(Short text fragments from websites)

⁂

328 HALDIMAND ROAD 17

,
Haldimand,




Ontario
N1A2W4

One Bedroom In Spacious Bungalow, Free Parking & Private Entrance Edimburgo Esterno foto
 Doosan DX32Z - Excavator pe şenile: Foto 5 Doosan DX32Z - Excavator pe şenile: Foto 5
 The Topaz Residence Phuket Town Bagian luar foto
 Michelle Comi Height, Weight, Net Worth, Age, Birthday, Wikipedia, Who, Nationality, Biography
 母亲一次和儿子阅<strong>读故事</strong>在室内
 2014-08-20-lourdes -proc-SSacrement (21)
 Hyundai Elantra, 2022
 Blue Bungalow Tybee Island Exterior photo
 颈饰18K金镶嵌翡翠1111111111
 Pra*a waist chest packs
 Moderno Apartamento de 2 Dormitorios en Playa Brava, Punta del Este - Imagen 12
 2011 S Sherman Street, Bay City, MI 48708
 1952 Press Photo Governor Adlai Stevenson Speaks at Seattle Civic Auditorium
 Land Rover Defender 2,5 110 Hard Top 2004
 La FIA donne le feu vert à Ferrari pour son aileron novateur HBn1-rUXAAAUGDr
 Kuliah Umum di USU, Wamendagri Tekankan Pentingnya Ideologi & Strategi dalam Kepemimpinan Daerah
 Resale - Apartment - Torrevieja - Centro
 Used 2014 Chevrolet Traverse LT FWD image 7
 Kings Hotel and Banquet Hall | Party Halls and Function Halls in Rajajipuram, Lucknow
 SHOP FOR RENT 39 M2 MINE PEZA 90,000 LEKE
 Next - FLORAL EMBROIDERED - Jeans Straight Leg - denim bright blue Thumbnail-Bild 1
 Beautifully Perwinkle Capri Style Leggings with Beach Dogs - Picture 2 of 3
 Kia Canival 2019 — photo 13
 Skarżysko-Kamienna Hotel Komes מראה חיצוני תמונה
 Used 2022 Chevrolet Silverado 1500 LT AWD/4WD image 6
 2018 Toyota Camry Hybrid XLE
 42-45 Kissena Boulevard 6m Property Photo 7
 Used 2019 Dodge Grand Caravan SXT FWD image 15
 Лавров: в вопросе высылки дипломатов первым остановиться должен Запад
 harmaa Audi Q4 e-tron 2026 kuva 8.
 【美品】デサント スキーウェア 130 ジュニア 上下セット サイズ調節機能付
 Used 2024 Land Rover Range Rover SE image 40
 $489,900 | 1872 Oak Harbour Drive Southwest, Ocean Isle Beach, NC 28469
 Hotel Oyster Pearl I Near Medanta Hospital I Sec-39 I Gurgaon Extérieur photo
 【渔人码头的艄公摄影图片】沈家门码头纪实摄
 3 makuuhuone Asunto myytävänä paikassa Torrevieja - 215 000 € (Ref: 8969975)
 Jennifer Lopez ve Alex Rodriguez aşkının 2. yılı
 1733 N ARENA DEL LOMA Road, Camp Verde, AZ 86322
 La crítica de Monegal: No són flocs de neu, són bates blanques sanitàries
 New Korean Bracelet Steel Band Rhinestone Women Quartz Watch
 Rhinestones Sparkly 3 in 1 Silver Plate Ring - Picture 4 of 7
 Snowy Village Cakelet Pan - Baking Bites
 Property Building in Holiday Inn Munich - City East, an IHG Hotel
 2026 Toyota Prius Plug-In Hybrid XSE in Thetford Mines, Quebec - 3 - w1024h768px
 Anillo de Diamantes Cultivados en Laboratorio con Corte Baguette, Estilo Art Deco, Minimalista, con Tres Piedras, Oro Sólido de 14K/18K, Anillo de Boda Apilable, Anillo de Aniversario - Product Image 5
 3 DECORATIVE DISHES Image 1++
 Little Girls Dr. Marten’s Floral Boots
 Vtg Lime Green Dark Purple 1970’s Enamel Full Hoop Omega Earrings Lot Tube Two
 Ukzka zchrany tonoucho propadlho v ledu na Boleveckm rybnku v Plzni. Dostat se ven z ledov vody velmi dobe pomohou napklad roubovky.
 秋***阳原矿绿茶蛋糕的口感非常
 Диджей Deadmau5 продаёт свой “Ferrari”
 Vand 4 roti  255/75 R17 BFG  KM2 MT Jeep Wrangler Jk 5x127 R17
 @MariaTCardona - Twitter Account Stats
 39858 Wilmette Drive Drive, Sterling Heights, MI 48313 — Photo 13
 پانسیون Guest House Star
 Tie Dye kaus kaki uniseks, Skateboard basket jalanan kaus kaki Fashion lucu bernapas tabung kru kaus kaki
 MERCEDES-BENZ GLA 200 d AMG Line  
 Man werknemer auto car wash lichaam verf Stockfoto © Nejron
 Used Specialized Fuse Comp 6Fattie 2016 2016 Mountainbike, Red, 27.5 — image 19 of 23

⁂

> [Required action] Repeat exactly, please, each line from the beginning of the data through the line with "The Topaz Residence" in it, and only those lines.

> [Answer section]
328 HALDIMAND ROAD 17

,
Haldimand,




Ontario
N1A2W4

One Bedroom In Spacious Bungalow, Free Parking & Private Entrance Edimburgo Esterno foto
 Doosan DX32Z - Excavator pe şenile: Foto 5 Doosan DX32Z - Excavator pe şenile: Foto 5
 The Topaz Residence Phuket Town Bagian luar foto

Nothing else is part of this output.